Williams v. Mississippi, 608 F.2d 1021, 1022 (5th Cir. 1979), cert. denied, 449 U.S. 804, 101 S. Ct. 49, 66 L. Ed. 2d 8 (1980), quoting Johnson v. Mississippi, 421 U.S. 213, 95 S. Ct. 1591, 44 L. Ed. 2d 121 (1975). See also Georgia v. Rachel, 384 U.S. 780, 86 S. Ct. 1783, 16 L. Ed. 2d 925 (1966); Ford Motor Credit Co. v. Reimer, supra; Perkins v. Mississippi, 455 F.2d 7, 11 (5th Cir. 1972) (Brown, Ch. J., dissenting). Only if the party seeking removal can satisfy both parts of the test is a petition removable under §§ 1443 and 1447(d).

Reimer's allegation, even if true, does not amount to a violation of such a federal statute phrased in terms of racial equality. He points to no federal law that guarantees an individual a right to an "examining trial" or a probable cause hearing prior to an indictment. In Coleman v. Alabama, 399 U.S. 1, 90 S. Ct. 1999, 26 L. Ed. 2d 387 (1970), the Supreme Court held that if the State afforded an accused a preliminary hearing, it must also afford him counsel. Gerstein v. Pugh, 420 U.S. 103, 95 S. Ct. 854, 43 L. Ed. 2d 54 (1975), extended this protection, holding that under the Fourth Amendment, a person arrested without a warrant was entitled to a prompt judicial determination of probable cause. These cases do not support Reimer's claim to removal to federal court of his perjury prosecution. He makes no allegation that the state's conduct amounted to a warrantless arrest, as in Gerstein. The right to an "examining trial" arises solely under Texas law, a law that makes no mention of racial equality. As the Supreme Court has made clear, Johnson v. Mississippi, supra, Greenwood v. Peacock, 384 U.S. 808, 86 S. Ct. 1800, 16 L. Ed. 2d 944 (1966), the right of removal is a narrow one, in whose reach Reimer's complaint simply does not fall.

Since Reimer cannot show that the State's actions violate a federal statute providing for racial equality, as the terms of § 1447(d) specifically require, we lack jurisdiction over this appeal.

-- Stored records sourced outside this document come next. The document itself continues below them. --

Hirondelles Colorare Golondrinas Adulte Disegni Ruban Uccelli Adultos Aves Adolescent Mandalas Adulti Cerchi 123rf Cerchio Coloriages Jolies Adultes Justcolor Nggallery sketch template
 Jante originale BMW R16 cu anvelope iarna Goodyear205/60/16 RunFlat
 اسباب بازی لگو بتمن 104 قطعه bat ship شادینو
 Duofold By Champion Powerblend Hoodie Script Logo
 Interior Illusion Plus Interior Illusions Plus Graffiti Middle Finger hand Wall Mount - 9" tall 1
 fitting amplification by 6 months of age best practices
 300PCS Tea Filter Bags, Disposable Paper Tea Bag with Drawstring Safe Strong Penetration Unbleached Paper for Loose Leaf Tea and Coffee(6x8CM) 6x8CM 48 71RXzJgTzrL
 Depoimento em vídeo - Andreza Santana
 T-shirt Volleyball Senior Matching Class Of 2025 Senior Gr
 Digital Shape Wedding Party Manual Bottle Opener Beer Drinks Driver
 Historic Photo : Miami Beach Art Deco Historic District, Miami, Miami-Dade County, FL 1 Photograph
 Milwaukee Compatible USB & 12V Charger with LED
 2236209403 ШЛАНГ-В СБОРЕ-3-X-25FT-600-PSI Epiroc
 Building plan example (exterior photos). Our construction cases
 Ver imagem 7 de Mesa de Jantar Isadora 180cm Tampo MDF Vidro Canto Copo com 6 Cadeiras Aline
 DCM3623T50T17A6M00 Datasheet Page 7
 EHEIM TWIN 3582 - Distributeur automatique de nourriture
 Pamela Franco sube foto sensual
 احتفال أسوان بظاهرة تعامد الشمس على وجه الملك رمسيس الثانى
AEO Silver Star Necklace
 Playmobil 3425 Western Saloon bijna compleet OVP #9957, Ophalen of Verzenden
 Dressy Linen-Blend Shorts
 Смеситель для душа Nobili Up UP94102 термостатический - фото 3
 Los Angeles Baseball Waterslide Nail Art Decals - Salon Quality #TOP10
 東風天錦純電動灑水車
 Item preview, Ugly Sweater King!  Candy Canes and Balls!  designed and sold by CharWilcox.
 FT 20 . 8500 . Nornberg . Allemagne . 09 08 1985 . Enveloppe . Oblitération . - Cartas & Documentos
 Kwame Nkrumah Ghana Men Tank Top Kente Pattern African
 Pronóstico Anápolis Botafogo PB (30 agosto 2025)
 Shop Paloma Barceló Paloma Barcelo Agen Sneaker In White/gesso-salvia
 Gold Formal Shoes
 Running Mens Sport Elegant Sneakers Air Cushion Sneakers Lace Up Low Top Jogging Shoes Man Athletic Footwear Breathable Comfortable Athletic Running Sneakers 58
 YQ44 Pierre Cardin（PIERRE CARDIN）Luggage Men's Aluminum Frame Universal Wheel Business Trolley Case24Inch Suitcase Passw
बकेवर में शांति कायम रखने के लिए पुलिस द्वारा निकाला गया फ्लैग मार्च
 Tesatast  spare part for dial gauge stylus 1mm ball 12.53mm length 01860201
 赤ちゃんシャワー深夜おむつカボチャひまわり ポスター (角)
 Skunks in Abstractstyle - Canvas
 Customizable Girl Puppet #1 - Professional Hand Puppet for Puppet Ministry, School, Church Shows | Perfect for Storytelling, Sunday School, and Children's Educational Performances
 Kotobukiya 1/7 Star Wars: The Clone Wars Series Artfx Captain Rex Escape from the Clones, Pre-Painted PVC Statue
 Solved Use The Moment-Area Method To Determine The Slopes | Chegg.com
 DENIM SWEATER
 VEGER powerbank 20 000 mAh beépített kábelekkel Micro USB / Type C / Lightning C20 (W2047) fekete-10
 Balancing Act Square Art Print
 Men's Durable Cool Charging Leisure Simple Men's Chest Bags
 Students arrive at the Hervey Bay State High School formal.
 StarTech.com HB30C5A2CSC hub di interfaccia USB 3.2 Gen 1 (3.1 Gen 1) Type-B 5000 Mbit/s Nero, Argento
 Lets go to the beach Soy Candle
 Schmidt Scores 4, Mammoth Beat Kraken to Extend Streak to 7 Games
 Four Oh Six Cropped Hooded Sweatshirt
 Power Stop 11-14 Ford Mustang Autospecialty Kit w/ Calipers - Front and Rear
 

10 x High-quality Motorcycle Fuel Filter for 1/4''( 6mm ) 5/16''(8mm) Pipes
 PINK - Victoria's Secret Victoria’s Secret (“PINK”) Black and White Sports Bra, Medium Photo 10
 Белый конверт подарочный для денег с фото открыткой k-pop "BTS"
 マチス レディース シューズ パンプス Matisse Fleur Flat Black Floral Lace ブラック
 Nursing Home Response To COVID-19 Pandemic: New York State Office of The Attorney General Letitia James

Having reached this conclusion, we take the opportunity to issue a word of caution. While this Court is always open to hear and protect the rights of all persons, we point out that unless Reimer can show a violation of a federal statute providing for racial equality so as to bring his petition within the terms of §§ 1443 and 1447(d) and, thus, within the federal judicial power, repeated assertion of this unfounded claim as argued detracts from the ability of this Court, considering its limited time and resources, to adjudicate cases of substantive value.



§ 1447(d) provides:

Procedure after removal generally

(d) An order remanding a case to the State court from which it was removed is not reviewable on appeal or otherwise, except that an order remanding a case to the State court from which it was removed pursuant to section 1443, of this title shall be reviewable by appeal or otherwise.